The Green Exchange, to be based in Ghana’s capital Accra, aims to enable companies to issue billions in green bonds and for investors to trade the debt in a secondary market, said Orla Enright, its chief executive officer. So far Africa has missed out on a global boom in borrowing to fund projects that help mitigate climate change.

“The reaction from companies in the region to the opportunity to issue a corporate green bond has been highly positive,” Enright said in an interview in Accra. “They’ve seen the potential of green bonds and that the time is now.”

Sub-Saharan Africa urgently needs to mobilize $50 billion annually to address climate adaptation in agriculture, power and urban infrastructure, and green bonds offer part of the solution, the Overseas Development Institute said in a research note. The continent is among the most at risk from climate change yet suffers from a high cost of finance.

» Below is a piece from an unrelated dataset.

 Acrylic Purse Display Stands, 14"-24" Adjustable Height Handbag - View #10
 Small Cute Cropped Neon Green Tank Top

That was one of the key issues at the United Nations climate summit in Glasgow last year, which was criticized for not doing enough to raise financial support from rich countries. Discussions on financing will resume at the next UN gathering in Egypt later this year.

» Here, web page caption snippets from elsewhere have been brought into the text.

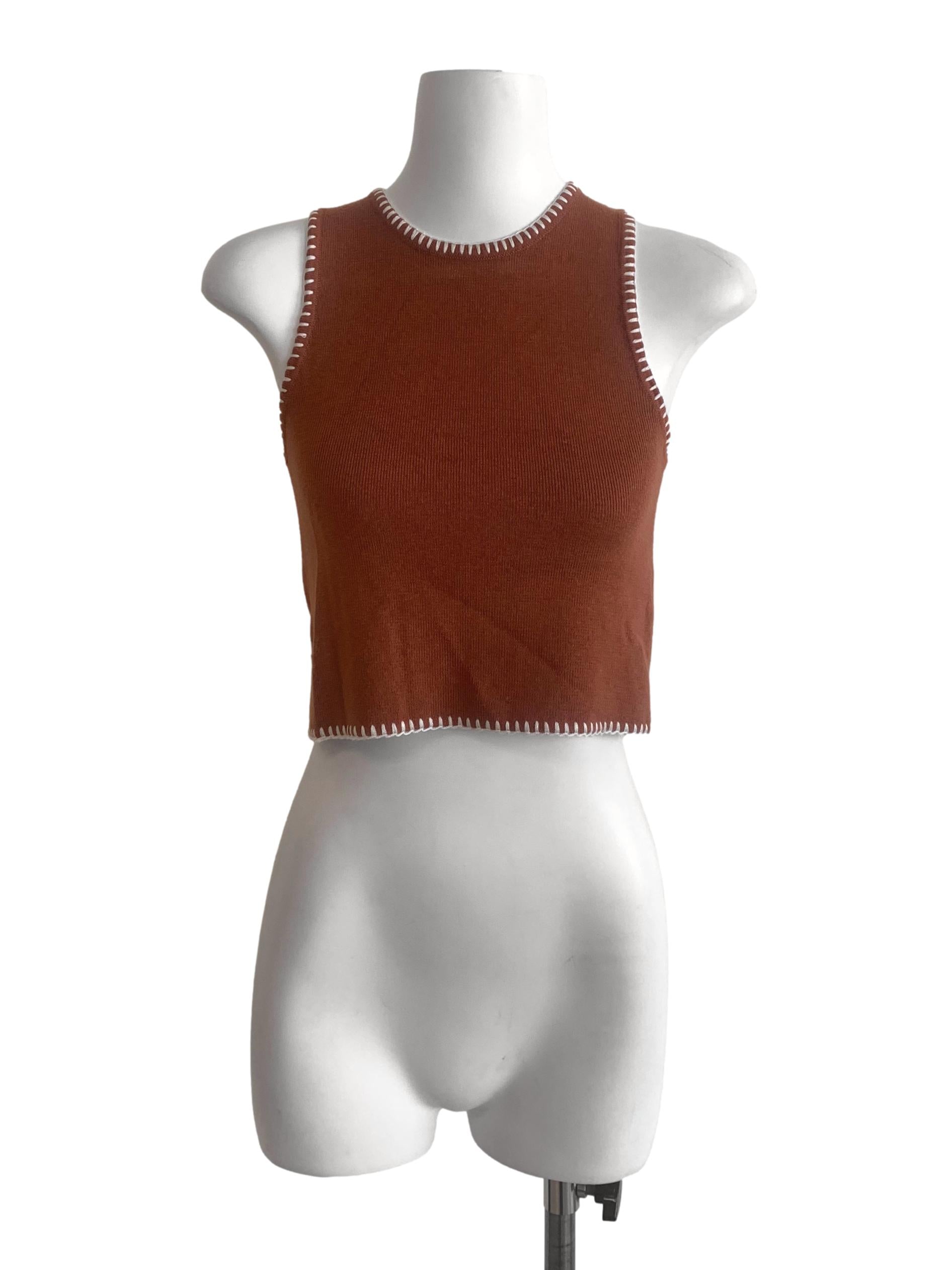 Tawny Brown Round Neck Tank Top LB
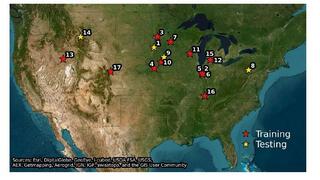 Map of the experiment locations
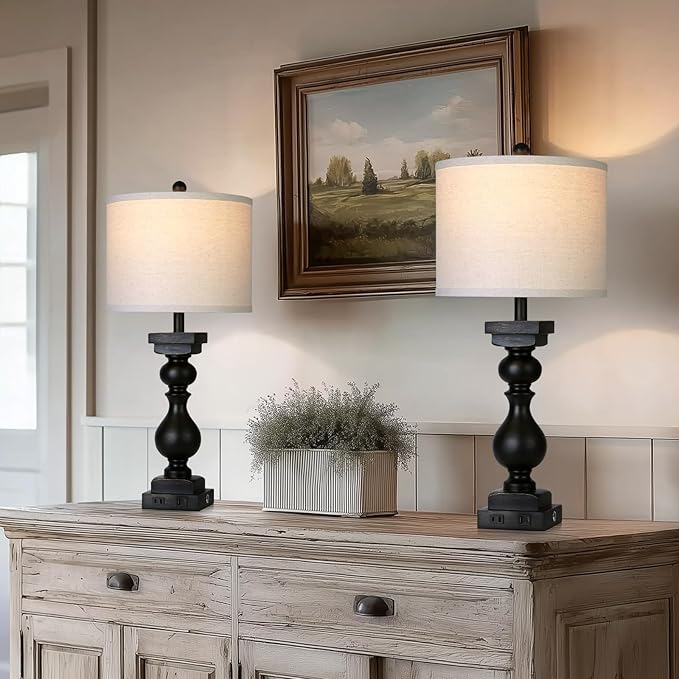 28" Tall Farmhouse Table Lamps Set of 2 with USB C+A Ports and AC Outlet, 3 Way Touch Tall Rustic Bedside Lamps for Living Room, Black Vintage Lamps for Bedroom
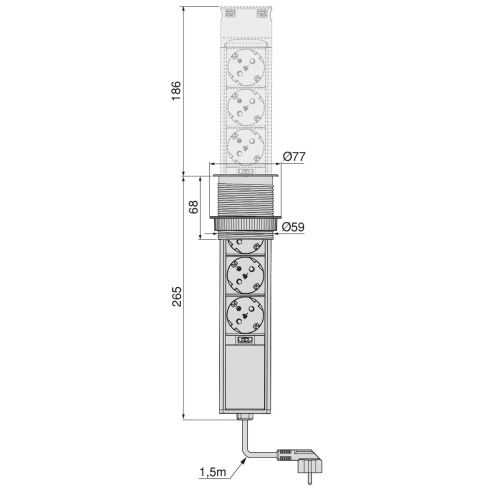 Emuca Multiconnettore estraibile Vertikal Push 60, diametro 60 mm, 3 prese Schuko, 1 USB tipo A, 1 USB tipo C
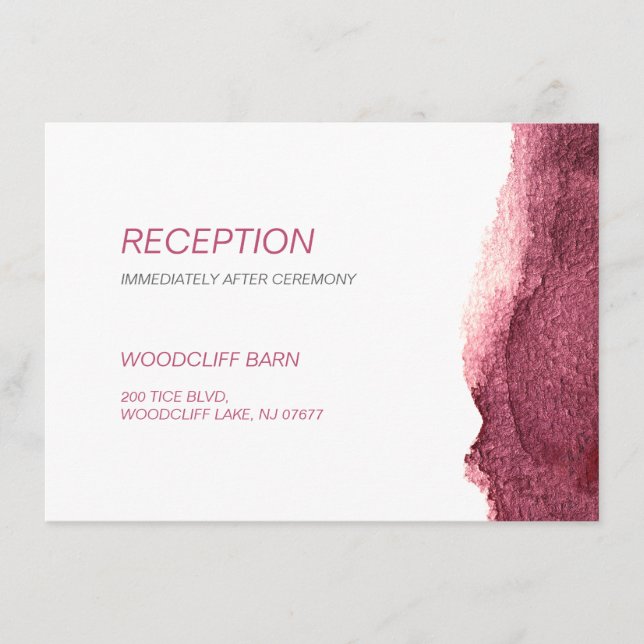 Painted marsala modern simple wedding reception enclosure card (Front)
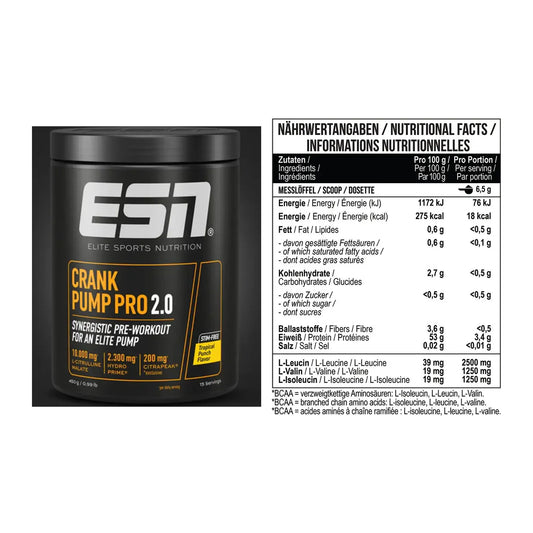 Trainings-Set: ESN Crank Pump Pro 2.0 + MST BCAA Zero – alle enthaltenen Artikel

So far there’s only been limited green issuance from Egypt, Nigeria and South Africa, though in other regions China and Chile have been major sellers.

Green Markets Put World’s Poor at Mercy of Higher Funding Costs

“While global investment in green bonds is expected to reach $1 trillion by the end of 2022, the African market contributes only 0.4% of the global market base for green bonds,” said Enright, who was previously a partner at fintech-focused venture capital firm GOODsoil.

Issuers could get borrowing rates of between 4% and 6% to raise debt in hard currency, she said, which compares to an average local-currency lending rate in Ghana of about 20%. The exchange plans to provide the tools required to issue a green bond, including third-party verification. That in effect means it’s replacing the usual role of banks.

“In emerging markets, there is a knowledge gap in the financial ecosystem,” said Esohe Denise Odaro, head of investor relations at the International Finance Corp. and chair of green, social and sustainability-linked bond principles at the International Capital Markets Association. “Banks need to be enabled to support new issuers.”

Enright’s Ghanaian co-founder Diana Boadu Amoatin also has experience in the fintech industry, including the development of a digitized premium renewal platform for the country’s National Health Insurance Scheme. The duo are raising $2 million to build the virtual marketplace by July for both debt and equity fundraising, through crowdfunding on the equity side and green bonds on the debt side.

Their target is to spur $5 billion in green bond sales within five years, including from Kenya, Nigeria and Ghana to fund wind turbines, electric vehicle charging stations, sustainable housing and solar panel installations. They see no shortage of investor demand.

“We will be targeting an increasing number of North American and Scandinavian institutional funds incorporating ESG as one of their main criterion of investment,” Enright said, pointing to greater U.S. interest following Joe Biden’s focus on the climate and funds such as the Investment Fund for Developing Countries already investing in Africa.